AIM OF THE EXERCISE => In the entries below, find the line containing "Clean Tek Professional" and the line containing "Vintage Douwe Egberts". Copy those two lines and everything between them exactly, without the pictures.

DATA SECTION =>
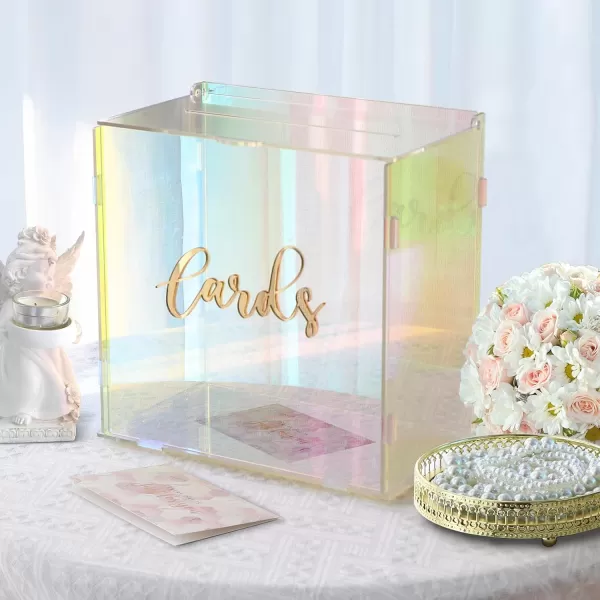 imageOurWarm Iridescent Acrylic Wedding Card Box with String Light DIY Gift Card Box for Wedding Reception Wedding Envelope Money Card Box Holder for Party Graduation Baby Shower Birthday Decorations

--

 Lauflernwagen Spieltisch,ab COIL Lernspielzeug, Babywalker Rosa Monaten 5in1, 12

...

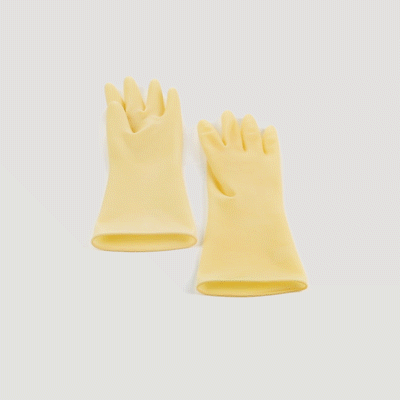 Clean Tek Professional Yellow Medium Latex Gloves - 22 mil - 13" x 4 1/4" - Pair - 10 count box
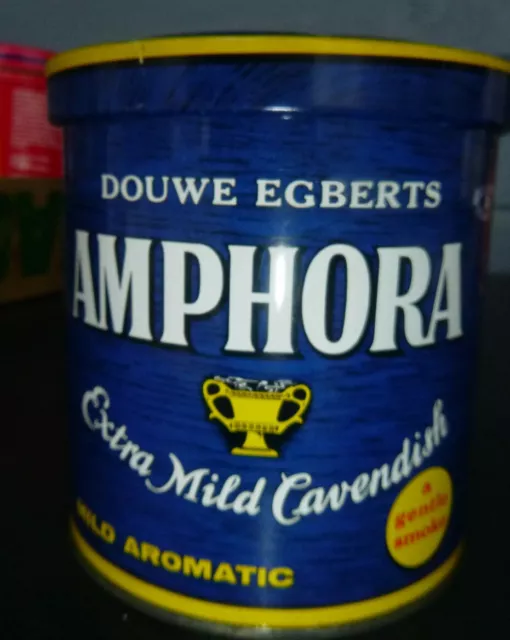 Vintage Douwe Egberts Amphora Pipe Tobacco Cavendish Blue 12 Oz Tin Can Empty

OUTPUT OF THE EXERCISE =>
 Clean Tek Professional Yellow Medium Latex Gloves - 22 mil - 13" x 4 1/4" - Pair - 10 count box
 Vintage Douwe Egberts Amphora Pipe Tobacco Cavendish Blue 12 Oz Tin Can Empty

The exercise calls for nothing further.